● **Work order**: Your response should be an exact reproduction of the data below, beginning at the line containing "Triton N-FUSE Component 1 - 100ml" and ending with the final line.

● **Input material**:
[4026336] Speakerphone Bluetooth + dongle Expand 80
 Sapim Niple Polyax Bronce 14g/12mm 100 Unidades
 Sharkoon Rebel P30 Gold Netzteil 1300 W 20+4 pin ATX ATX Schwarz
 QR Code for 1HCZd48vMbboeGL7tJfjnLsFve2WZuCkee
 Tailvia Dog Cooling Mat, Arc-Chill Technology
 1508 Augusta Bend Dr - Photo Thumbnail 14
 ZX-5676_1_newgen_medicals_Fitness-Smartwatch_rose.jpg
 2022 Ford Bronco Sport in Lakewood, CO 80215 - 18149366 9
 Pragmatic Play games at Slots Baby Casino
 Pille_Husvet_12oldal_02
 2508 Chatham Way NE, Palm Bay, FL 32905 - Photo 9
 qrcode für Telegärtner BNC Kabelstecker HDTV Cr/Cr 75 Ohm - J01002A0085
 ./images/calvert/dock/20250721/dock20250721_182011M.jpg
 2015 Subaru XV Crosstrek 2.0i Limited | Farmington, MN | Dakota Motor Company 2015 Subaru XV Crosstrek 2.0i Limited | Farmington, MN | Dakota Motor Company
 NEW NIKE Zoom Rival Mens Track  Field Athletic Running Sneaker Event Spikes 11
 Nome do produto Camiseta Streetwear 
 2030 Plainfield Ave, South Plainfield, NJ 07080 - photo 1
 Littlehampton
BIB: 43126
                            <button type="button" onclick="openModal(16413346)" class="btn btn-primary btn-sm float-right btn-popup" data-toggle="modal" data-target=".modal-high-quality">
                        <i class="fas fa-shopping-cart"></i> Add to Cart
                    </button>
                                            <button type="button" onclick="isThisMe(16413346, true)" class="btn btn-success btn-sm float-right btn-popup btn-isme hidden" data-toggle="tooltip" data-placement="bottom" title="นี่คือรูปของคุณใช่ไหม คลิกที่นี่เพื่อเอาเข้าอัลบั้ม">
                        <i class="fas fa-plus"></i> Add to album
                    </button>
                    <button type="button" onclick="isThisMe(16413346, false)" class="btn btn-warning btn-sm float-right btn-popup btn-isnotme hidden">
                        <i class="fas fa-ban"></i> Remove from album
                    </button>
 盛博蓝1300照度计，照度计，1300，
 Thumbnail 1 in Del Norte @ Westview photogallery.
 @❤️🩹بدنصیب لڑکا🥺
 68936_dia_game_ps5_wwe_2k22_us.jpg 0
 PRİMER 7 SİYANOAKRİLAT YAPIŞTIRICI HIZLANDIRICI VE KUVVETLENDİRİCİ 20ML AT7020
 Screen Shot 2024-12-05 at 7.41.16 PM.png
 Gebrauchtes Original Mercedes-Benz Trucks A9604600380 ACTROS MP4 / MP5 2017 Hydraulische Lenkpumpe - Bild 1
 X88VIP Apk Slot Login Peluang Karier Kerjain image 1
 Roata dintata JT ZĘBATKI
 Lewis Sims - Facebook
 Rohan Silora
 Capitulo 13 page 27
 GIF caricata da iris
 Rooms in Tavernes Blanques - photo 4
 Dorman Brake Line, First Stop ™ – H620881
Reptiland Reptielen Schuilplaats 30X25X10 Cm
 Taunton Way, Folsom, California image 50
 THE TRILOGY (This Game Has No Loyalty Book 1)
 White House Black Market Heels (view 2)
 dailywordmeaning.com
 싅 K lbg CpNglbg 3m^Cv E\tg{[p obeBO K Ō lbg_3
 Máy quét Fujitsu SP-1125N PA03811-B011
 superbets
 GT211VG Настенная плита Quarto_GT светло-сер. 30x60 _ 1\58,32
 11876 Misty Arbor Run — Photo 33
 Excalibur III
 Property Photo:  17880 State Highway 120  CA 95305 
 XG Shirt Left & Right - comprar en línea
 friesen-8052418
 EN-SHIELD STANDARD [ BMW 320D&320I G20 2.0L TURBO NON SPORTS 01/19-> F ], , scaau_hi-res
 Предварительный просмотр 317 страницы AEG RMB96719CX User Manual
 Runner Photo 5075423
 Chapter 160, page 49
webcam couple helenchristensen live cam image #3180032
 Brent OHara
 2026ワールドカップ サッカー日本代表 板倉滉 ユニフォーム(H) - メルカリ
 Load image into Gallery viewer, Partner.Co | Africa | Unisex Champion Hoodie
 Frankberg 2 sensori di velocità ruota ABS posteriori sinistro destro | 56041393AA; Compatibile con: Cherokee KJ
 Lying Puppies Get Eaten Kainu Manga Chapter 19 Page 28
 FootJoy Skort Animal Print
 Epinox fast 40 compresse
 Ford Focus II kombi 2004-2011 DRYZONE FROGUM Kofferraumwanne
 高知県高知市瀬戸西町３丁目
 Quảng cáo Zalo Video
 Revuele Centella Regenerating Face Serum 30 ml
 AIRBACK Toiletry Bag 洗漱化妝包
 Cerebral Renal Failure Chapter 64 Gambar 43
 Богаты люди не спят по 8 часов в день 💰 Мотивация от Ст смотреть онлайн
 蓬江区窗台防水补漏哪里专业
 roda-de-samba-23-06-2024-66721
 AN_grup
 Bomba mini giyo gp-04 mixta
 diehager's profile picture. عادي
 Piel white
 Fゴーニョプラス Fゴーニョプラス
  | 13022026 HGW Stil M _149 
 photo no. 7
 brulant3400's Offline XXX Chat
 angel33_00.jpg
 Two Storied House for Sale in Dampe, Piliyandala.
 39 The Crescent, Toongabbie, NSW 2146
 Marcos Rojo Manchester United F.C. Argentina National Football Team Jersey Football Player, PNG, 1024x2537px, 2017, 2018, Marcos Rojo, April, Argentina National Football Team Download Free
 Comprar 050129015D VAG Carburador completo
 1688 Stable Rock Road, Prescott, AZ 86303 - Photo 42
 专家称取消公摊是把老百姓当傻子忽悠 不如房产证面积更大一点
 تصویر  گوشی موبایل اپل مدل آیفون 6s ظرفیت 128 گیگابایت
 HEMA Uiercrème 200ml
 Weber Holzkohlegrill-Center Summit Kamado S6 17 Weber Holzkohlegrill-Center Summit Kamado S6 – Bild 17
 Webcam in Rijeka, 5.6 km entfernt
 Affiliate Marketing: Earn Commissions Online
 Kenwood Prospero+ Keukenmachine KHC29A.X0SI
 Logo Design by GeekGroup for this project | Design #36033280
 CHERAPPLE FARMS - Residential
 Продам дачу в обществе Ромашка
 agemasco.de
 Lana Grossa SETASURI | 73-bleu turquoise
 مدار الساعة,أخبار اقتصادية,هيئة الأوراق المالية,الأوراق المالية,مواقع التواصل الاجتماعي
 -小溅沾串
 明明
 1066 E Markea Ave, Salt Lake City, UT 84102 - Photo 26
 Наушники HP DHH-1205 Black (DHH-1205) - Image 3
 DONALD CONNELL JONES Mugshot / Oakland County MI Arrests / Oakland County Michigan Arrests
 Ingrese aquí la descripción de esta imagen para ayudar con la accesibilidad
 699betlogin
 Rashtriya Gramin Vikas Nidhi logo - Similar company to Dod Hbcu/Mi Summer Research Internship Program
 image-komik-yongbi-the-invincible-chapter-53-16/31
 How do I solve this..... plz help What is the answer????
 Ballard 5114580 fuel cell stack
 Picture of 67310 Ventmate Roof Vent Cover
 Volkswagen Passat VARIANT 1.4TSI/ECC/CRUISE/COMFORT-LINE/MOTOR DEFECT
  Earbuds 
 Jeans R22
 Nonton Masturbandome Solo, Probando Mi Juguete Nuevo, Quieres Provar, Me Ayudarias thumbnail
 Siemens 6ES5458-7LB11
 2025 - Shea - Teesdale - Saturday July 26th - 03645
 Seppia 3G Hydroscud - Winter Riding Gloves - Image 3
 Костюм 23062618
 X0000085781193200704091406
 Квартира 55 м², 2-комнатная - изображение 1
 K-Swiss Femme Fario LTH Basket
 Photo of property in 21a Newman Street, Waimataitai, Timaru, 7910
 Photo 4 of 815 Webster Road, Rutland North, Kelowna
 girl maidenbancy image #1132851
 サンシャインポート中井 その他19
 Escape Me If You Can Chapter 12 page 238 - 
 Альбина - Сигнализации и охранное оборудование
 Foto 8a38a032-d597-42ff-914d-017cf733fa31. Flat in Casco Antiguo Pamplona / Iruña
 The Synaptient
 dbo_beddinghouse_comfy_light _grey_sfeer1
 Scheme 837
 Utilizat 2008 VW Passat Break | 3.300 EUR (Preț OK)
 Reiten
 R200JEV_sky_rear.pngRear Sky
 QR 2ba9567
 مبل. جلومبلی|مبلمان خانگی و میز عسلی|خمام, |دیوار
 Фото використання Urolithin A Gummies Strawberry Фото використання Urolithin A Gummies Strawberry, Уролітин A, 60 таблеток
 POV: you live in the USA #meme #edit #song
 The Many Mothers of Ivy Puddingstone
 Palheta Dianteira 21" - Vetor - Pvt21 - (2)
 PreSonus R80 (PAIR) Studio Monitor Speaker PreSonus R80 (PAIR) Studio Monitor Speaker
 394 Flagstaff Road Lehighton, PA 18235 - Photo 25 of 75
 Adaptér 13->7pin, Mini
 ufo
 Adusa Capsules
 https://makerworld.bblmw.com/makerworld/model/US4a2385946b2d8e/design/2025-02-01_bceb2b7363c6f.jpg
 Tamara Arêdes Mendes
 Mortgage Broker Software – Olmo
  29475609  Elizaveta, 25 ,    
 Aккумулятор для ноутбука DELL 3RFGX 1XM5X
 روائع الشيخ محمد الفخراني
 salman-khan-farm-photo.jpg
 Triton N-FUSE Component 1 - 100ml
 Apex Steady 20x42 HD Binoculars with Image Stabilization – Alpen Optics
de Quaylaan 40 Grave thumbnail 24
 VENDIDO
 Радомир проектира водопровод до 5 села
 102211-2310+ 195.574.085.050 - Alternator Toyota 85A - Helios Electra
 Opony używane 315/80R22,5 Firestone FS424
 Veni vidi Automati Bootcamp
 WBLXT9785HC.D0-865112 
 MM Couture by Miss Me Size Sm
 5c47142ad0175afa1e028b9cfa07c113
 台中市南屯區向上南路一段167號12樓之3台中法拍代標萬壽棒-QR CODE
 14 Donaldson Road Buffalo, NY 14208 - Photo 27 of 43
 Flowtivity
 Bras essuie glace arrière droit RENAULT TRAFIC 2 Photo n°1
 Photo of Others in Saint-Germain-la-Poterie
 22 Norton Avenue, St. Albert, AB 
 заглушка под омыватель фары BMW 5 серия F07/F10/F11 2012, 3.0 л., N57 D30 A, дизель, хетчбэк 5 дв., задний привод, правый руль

● **Answer to this task**:
 Triton N-FUSE Component 1 - 100ml
 Apex Steady 20x42 HD Binoculars with Image Stabilization – Alpen Optics
de Quaylaan 40 Grave thumbnail 24
 VENDIDO
 Радомир проектира водопровод до 5 села
 102211-2310+ 195.574.085.050 - Alternator Toyota 85A - Helios Electra
 Opony używane 315/80R22,5 Firestone FS424
 Veni vidi Automati Bootcamp
 WBLXT9785HC.D0-865112 
 MM Couture by Miss Me Size Sm
 5c47142ad0175afa1e028b9cfa07c113
 台中市南屯區向上南路一段167號12樓之3台中法拍代標萬壽棒-QR CODE
 14 Donaldson Road Buffalo, NY 14208 - Photo 27 of 43
 Flowtivity
 Bras essuie glace arrière droit RENAULT TRAFIC 2 Photo n°1
 Photo of Others in Saint-Germain-la-Poterie
 22 Norton Avenue, St. Albert, AB 
 заглушка под омыватель фары BMW 5 серия F07/F10/F11 2012, 3.0 л., N57 D30 A, дизель, хетчбэк 5 дв., задний привод, правый руль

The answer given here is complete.